In the US, the typical subscriber now has 4.5 subscriptions — everything from video and movies, retail, and music to home tech, education and food boxes. Subscription services are no longer a ‘nice to have’ but a way of life, something we almost subconsciously commit to.

But while their subscriptions are piling up, so too are people’s concerns about how best to manage them. Over a third (35%) of subscribers claim they don’t actually know how much they are spending on subscriptions, and a similar number (36%) pay for subscriptions they never use.

These are just some of the findings revealed by a major new study from Bango of over 5,000 US subscribers. The latest Subscription Wars report — free to download now — takes the temperature of the subscriptions industry and examines the major factors shaping the present and the future of the sector. It reveals game-changing insights that will prove highly valuable to content providers, telcos and other interested parties looking to make strategic decisions about subscription models.

The full report — Subscription Wars: Super Bundling Awakens — is available to download for free now.

US consumers want control of their subscriptions

What’s clear from the findings is that the subscriptions economy —  which we predicted would go stratospheric in 2024 — is at risk of becoming a victim of its own success.

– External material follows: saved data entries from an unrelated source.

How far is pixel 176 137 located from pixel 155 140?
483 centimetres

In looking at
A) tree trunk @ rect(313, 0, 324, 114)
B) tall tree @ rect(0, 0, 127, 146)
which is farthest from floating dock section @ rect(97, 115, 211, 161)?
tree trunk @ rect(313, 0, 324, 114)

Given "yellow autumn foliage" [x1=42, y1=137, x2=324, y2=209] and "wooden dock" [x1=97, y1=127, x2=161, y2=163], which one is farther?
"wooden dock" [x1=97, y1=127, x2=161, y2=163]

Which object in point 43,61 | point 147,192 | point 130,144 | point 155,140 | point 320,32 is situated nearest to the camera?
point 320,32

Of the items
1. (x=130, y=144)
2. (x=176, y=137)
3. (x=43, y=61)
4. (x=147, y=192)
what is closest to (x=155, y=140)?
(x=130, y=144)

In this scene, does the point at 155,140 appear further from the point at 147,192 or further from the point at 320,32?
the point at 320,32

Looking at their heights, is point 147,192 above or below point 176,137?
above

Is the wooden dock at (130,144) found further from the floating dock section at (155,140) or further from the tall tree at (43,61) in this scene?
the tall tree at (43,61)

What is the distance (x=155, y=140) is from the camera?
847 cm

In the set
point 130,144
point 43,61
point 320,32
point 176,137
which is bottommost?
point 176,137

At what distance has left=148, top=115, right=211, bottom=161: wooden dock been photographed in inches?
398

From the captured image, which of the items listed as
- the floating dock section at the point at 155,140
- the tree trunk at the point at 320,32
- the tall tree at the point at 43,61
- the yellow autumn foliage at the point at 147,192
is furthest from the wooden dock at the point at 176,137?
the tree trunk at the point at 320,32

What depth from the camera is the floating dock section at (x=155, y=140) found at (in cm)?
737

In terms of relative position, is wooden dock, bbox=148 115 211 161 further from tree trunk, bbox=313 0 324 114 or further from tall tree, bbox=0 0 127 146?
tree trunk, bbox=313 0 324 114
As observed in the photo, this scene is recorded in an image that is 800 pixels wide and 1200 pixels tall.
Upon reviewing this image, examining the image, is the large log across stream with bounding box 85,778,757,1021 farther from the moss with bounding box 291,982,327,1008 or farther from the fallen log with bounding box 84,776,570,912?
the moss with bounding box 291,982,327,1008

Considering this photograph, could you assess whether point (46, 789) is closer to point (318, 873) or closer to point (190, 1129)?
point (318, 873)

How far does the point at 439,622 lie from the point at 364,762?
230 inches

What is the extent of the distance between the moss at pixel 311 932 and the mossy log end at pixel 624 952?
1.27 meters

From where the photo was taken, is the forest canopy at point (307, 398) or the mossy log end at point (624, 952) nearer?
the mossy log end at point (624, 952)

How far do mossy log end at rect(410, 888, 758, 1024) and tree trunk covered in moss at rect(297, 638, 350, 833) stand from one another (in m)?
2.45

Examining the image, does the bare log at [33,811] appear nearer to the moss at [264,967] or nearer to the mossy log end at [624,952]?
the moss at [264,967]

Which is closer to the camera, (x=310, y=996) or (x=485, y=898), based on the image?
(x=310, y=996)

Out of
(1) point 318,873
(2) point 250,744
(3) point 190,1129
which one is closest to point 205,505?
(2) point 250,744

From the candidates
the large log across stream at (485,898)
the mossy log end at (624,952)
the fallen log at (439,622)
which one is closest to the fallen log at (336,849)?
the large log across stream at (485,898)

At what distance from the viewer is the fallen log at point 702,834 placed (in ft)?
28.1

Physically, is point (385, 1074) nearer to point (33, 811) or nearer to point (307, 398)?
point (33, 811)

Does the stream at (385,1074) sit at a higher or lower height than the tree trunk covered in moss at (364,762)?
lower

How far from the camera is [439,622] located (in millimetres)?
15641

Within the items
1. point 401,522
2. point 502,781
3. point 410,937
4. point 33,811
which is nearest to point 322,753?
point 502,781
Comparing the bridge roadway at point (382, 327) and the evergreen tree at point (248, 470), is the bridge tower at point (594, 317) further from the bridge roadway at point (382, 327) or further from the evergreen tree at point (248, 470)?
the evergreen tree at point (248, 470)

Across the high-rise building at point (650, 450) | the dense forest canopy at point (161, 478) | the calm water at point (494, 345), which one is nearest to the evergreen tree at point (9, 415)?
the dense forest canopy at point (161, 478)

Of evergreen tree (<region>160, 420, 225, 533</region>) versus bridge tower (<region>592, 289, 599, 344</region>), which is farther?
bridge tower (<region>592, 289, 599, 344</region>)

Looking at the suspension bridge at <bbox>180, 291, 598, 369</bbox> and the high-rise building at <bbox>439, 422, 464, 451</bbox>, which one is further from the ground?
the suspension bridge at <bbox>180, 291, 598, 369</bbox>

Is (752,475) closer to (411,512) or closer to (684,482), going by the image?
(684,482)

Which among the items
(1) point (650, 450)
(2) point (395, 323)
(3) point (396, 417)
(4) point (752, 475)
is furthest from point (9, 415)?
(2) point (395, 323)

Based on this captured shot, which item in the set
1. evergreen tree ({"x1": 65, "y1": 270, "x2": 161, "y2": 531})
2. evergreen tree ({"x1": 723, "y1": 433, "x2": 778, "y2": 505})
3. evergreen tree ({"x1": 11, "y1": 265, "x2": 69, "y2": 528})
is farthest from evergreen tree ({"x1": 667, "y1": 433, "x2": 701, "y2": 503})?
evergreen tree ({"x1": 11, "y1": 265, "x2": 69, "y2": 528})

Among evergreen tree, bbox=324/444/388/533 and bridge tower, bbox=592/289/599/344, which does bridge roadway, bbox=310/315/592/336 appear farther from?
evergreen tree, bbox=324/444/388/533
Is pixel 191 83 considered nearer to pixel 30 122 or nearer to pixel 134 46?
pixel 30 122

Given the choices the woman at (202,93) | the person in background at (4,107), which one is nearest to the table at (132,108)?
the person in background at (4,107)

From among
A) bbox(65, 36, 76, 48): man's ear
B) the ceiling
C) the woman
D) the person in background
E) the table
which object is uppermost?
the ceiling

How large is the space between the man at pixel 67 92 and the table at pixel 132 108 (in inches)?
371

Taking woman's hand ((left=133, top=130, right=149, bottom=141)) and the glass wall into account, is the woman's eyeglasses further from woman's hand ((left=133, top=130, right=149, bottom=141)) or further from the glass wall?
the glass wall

As people sign up for an ever-expanding ecosystem of content and services, keeping tabs on all their subscriptions is becoming a challenge —  even an irritation. Almost half (49%) of subscribers say they are annoyed they can’t manage their subscriptions in one place, and over two-fifths (44%) say they find it too hard to keep track of where and how they even signed up for them.

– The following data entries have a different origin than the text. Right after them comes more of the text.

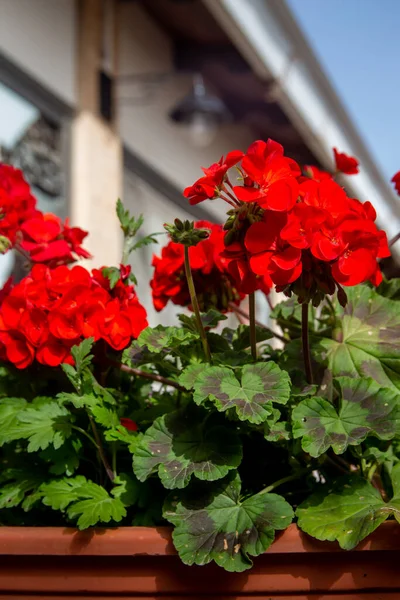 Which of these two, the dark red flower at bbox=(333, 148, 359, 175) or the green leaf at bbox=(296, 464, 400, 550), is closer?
the green leaf at bbox=(296, 464, 400, 550)

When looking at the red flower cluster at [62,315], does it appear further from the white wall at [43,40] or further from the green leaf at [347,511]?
the white wall at [43,40]

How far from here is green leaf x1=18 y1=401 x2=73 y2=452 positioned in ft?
3.22

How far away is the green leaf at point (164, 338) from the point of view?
96 centimetres

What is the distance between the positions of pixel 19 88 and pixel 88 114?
0.55 meters

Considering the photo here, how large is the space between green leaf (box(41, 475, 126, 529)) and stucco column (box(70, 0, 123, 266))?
9.87 feet

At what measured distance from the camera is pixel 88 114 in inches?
164

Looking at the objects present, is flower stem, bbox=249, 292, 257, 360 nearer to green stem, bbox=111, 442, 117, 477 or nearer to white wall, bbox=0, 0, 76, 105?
green stem, bbox=111, 442, 117, 477

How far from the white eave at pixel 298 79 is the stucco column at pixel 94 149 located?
794 millimetres

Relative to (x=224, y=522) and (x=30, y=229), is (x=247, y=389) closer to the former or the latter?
(x=224, y=522)

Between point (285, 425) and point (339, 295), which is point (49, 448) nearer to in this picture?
point (285, 425)

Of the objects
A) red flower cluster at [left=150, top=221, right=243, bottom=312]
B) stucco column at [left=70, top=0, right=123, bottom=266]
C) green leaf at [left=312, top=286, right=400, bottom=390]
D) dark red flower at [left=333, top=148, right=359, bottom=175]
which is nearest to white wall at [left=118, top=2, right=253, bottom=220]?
stucco column at [left=70, top=0, right=123, bottom=266]

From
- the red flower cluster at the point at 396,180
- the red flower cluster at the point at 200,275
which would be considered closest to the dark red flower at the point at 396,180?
the red flower cluster at the point at 396,180

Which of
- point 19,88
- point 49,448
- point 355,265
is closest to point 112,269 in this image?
point 49,448

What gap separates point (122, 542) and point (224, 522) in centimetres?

The study reveals that for subscribers, the ideal prize is the ability to be in control — and have flexibility over — what subscriptions they have at their disposal.

Nearly three-quarters of US subscribers (73%) want to access and manage all of their subscriptions, while 69% say they prefer being able to pick and choose their own combination of deals rather than a pre-packaged bundle.

The report offers further findings and expert insight around this issue, including details of just how far subscribers are willing to go to achieve this level of flexibility. For example, six in ten (61%) say they would pay a higher monthly mobile/internet bill if subscriptions were bundled in a way that offered such flexibility and transparency. For more on this read here.

Super Bundling: the ideal solution

What the study reveals is that subscribers are looking for a solution that addresses their concerns over how to manage the admin of multiple subscriptions and their appetite for services.

Almost half (47%) would sign up to more subscriptions if they had a content hub available, and 54% would spend more time using those subscriptions if they had access to such a hub. A further 46% say they’d actually leave their current TV, broadband or mobile provider if this service became available elsewhere.

As our CEO, Paul Larbey, comments:

“Subscribers want to jump between different content and services but they don’t want the admin headache of managing multiple accounts and paying multiple bills. With the rise of Super Bundling in 2024, we’re expecting to see that headache disappear.

“At the same time, these all-in-one platforms will help drive new revenue for cell phone providers and allow subscription services to share users rather than fighting over them. It’s a win-win scenario for businesses and subscribers alike.”